Next up is one of the biggest spectacles of Copenhagen Fashion Week - the Holzweiler show. The Norwegian brand has quickly built a reputation for clean, Scandi chic and sells at over 200 locations around the world. I had met the team earlier in the week to be dressed for the show and had picked out a couple of outfits to wear, finally settling on something with a strong 1970s vibe. At the show we are handed cell phone holders in an effort for guests to be “present"” and shut off for a few minutes. I respect this request for the most part until the very end, when I feel compelled to capture the impressive finale.
It's a co-ed show, which means both womenswear and menswear are shown on a stunning cast of models - Holzweiler’s sophisticated, soft utalitarianism was a nice antidote to some of the more loud and vibrant collections seen during #CPHFW.
Another designer more subtle in her approach, albeit in a different way, is LVMH Prize finalist Cecilie Bahnsen.
Her 5pm show is one of the most anticipated on the calendar and I get there early to witness her airy, romantic creations. Like a true Copenhagen resident, I decide to cycle to the show.
I pass famed restaurant Noma and bike further into Copenhagen’s industrial Refshaleøen, a hipster area that used to be a shipyard. I arrive at a rustic pier which makes an interesting backdrop for Bahnsen’s feminine SS20 collection - editors, influencers and buyers are quick to Instagram the floating feathers, powder-pink ribbons and lemon-sherbet coloured sheer overlays.
After the show, I get escorted backstage to have a chat with Bahnsen, who tells us she loves seeing girls cycling around in her voluminous designs.
The stand-out show is followed by intimate drinks at La Bancina - a cafe-meets-sauna - before I realize I have to rush off to Samsoe & Samsoe’s very first runway show at the impressive National Gallery.
Hot and bothered guests are handed out branded fans and water - a trend that continues at Stine Goya and Saks Potts the next day - and although the show is late to start, it's well worth the wait as I spot some lust-worthy bags on the catwalk reminiscent of The Row. The timeless and beautifully wearable collection is constructed from natural and sustainable fabrics - sustainability is a running theme throughout Copenhagen Fashion Week.

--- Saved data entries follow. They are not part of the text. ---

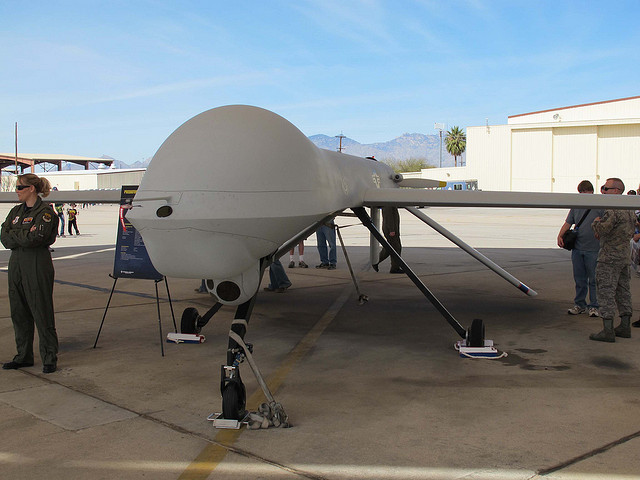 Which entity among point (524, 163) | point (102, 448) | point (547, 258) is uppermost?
point (524, 163)

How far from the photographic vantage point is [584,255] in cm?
910

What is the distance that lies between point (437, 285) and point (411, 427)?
25.9ft

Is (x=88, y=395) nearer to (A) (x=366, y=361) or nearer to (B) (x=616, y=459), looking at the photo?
(A) (x=366, y=361)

The last show of the day is Henrik Vibskov and it sets a tone very different to the other shows I had seen so far. Vibskov is known for participating in art projects around the world, so it was fitting that there was an art installation as part of his SS20 show. It was a purposefully eclectic collection that would not look out of place at Dover Street Market - however, most memorable are the uber-complicated shoes which claimed one model’s walk entirely - ouch!
After Vibskov I meet up with local friends to have a delicious, home-cooked meal on their terrace before heading out to the Day Birger et Mikkelsen party. The party is held at the brand’s chic showroom space with tasteful floral displays, candles and no shortage of drinks! As we all know far too well, after the party there’s the after-party - so once things start to wind down at the showroom, we decamp to a private room at Lusso, one of Copenhagen’s premier night spots.
Day 3, Thursday
Without my fashion week secret weapons (miracle cream from Augustinus Bader and a drop of Charlotte Tilbury’s new Airbrush Flawless-foundation) I'd have found it hard to face a full day of shows. Today I'm being dressed by German label Lala Berlin for their show later and need to look vaguely presentable!
I make my way (still half asleep) to the first two shows of the day, Designer’s Remix and Hofmann Copenhagen, and as the venues are delightfully close to one another, I have some time to perk up and admire my surroundings - Remix’s show is held outside in the courtyard of the Design Museum and we're lucky that we don't get rained on. The sustainable Danish brand's super wearable collection should be a hit with buyers, plus they're teaming up with climate company CHOOOSE to make collections as sustainable as possible.
Designer Heidi Hofmann also places emphasis on sustainability - through patchwork styles, Hofmann Copenhagen makes sure all fabrics produced are used. The collection, called ‘Modern Romantic’, is inspired by Peggy Guggenheim and Edie Bouvier - I see an array of beautiful prints and ruffled vacation styles making their way down the runway at the stunning rococo palace, Odd Fellows Mansion.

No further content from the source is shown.